Palo Salvarrey
Sylvia Simonet

Hoy vuelvo a "las Totoras". Entro por la antigua portera y miro a mi alrededor. ¿Es posible que el tiempo, aún sin detenerse, se haya congelado en un punto? Este es el paisaje que siempre guardé en algún rincón de mi memoria: los mismos árboles, los mismos senderos, las mismas construcciones… Algunos pequeños cambios son compensados por mínimas imperfecciones de los recuerdos. Y dentro de la casa… el mismo reloj de pared retumbando sus campanadas, la misma vieja porcelana luciendo sobre los aparadores, las mismas camas de hierro y bronce… Y todo inmóvil pero expectante, pronto a relatar una historia que en este momento no puedo descifrar.

Pienso en los tiempos pasados. Recuerdo cómo en los años entre la niñez y la adolescencia pasé una temporada en "Las totoras". Una serie de enfermedades invernales me habían dejado pálido y delgado, al decir de mis padres, que pensaron que una temporada en el campo me pondría saludable nuevamente y me enviaron a "Las Totoras", la estancia de unos buenos amigos que me recibieron con gran cordialidad.

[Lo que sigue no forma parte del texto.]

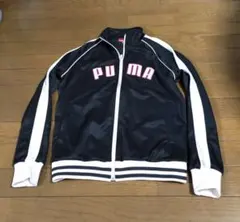 プーマ　ジャージ上着　160cm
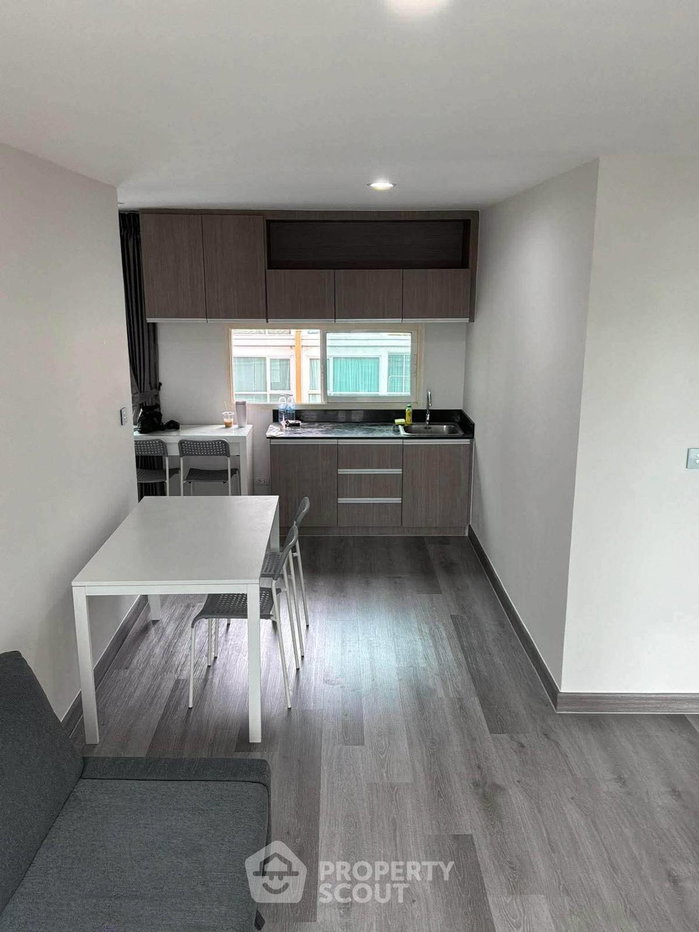picture 2-BR Condo at The Series Udomsuk close to Udom Suk (ID 3405842) - 5/10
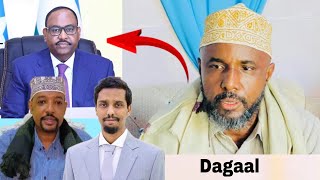 Dhulbahante Dagaal kulul Puntland Ku Qaadey Majeerteen Oo AFka Furtay [upl. by Nytnerb]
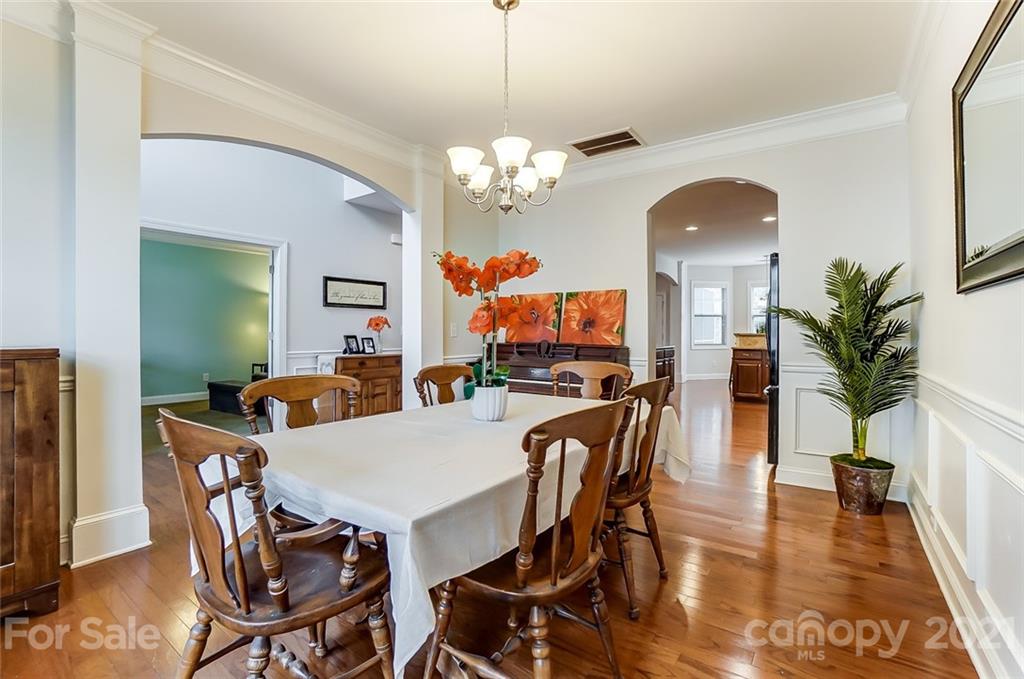 323 Windy Pine Drive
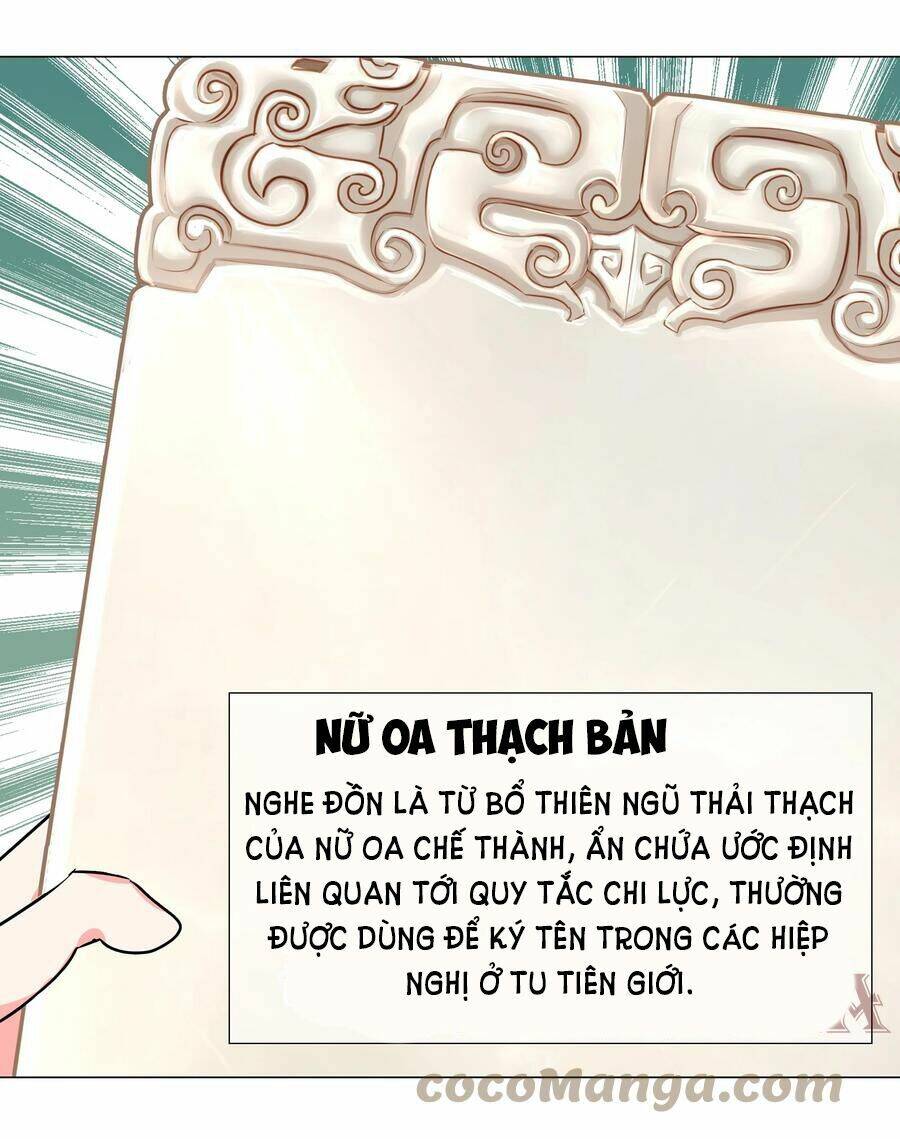 Hậu Cung Quá Nhiều, Tốt Nhất Là Phi Thăng Thôi - Chương 48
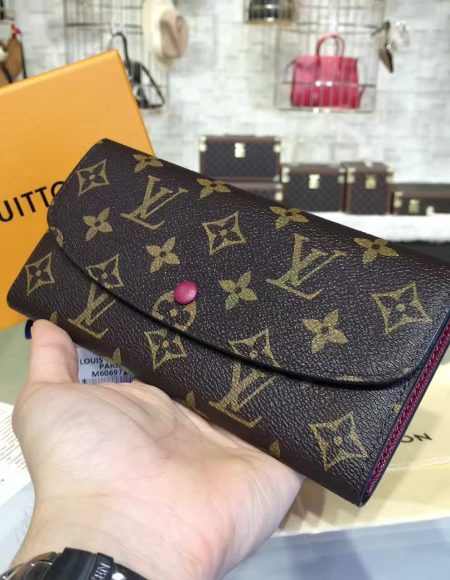 Louis Vuitton EMILIE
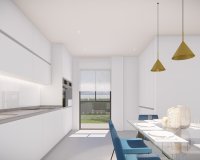 New build - Apartamento - Villajoyosa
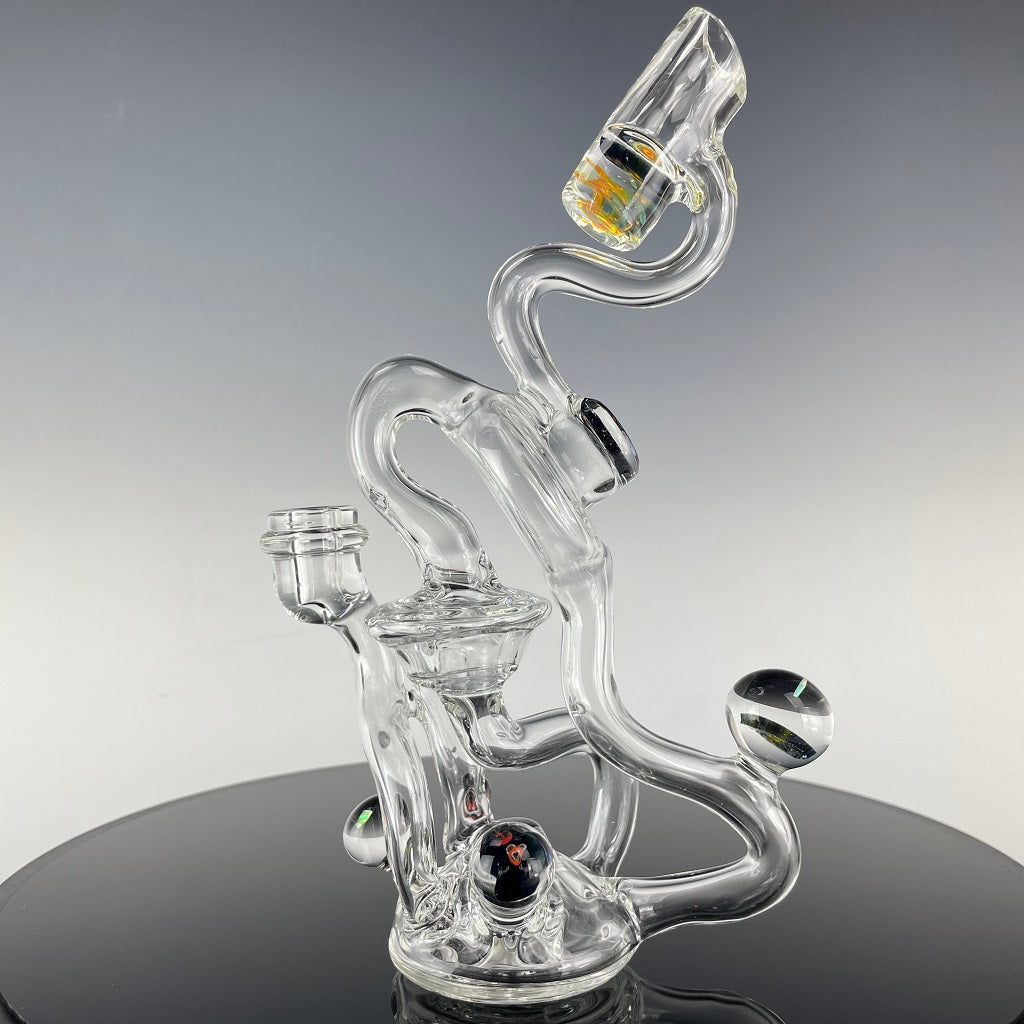 Timeless Artifact Recycler & Slurper Set M&M 2024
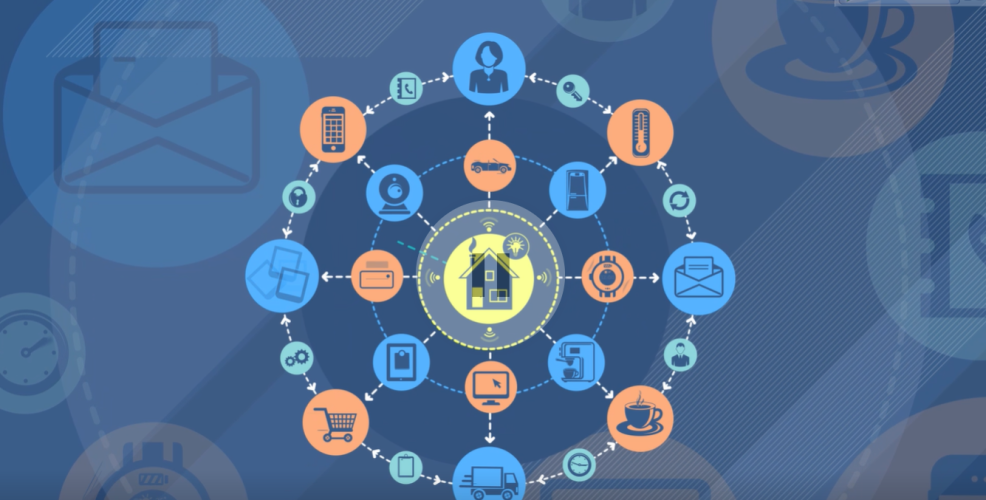 IT Jamkrida Mengikuti Micro Learning (Internet Of Think) IoT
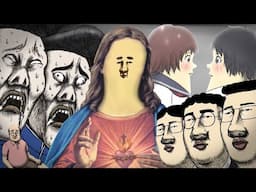 The Anime Where the Fart Learns to Love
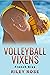 French Kiss (Volleyball Vix...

Tenía yo entre 11 y 12 años y un nuevo mundo se abría para mí en "Las Totoras". Ya al llegar me gustó la vieja casona de planta cuadrada, con las habitaciones construidas alrededor de un gran patio con un aljibe en el centro y toda ella poblada de antiguos y curiosos objetos. Más aún me fascinó el parque, de enormes árboles y lozanas matas de achiras y agapantos con flores de brillantes colores. Fue para mí una fuente de sorpresas y descubrimientos: las ramas eran emplazamiento de nidos y refugio de pájaros diversos y en el brillante pasto verde se ocultaban innumerables animales silvestres: lagartos, ranas tatúes, culebras y una increíble gama de insectos. Y también allí descubrí la belleza pura de cosas simples como el olor de los pinos al mediodía o el vuelo luminosos de los cocuyos en el anochecer.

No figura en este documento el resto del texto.